The study by scientists from the Institute of Psychiatry, King’s College London, show that anti-depressants regulate the glucocorticoid receptor (GR) - a key protein involved in the stress response.
Moreover, the study shows that all types of anti-depressant are dependent on the GR to create new cells.
The Laboratory of Stress, Psychiatry and Immunology (SPI-lab) at King’s has been looking into the role of the GR in depression for a number of years.
In this study, scientists used human hippocampal stem cells, the source of new cells in the human brain, as a new model to investigate ‘in a dish’ the effects of anti-depressants on brain cells.
“For the first time in a clinically relevant model, we were able to show that anti-depressants produce more stem cells and also accelerate their development into adult brain cells,” said Christoph Anacker, a doctorate student at the Institute of Psychiatry at King’s and lead author of the study.
“Additionally, we demonstrate for the first time that stress hormones, which are generally very high in depressed patients, show the opposite effect.
“We discovered that a specific protein in the cell, the glucocorticoid receptor, is essential for this to take place. The anti-depressants activate this protein, which switches on particular genes that turn immature ’stem’ cells into adult ‘brain’ cells.

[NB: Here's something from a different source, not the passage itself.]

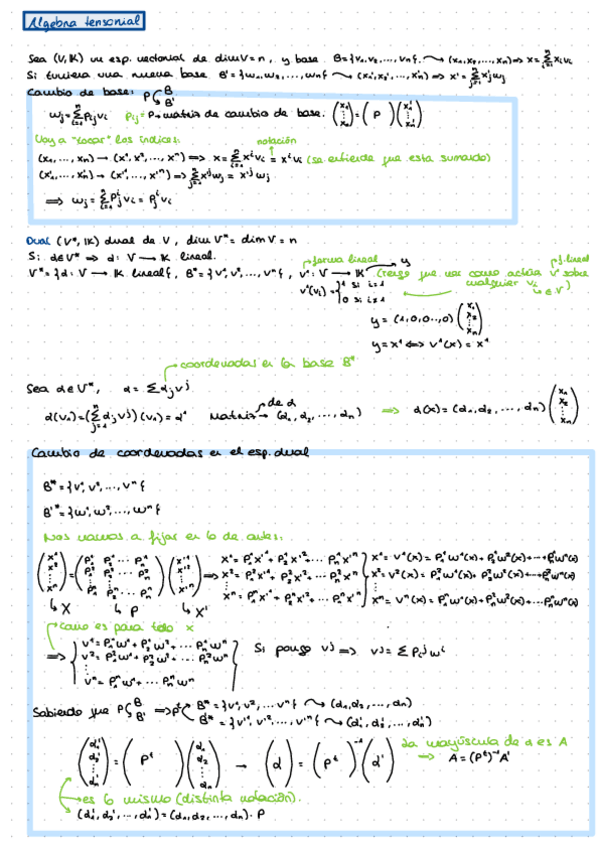 Miniatura del documento Algebra-Tensorial.pdf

“By increasing the number of new-born cells in the adult human brain, anti-depressants counteract the damaging effects of stress hormones and may overcome the brain abnormalities which may cause low mood and impaired memory in depression.
“Having identified the glucocorticoid receptor as a key player in making new brain cells, we will now be able to use this novel stem cell system to model psychiatric illnesses in the laboratory, test new compounds and develop much more effective, targeted anti-depressant drugs,” he added.
The study will be published in the journal Molecular Psychiatry.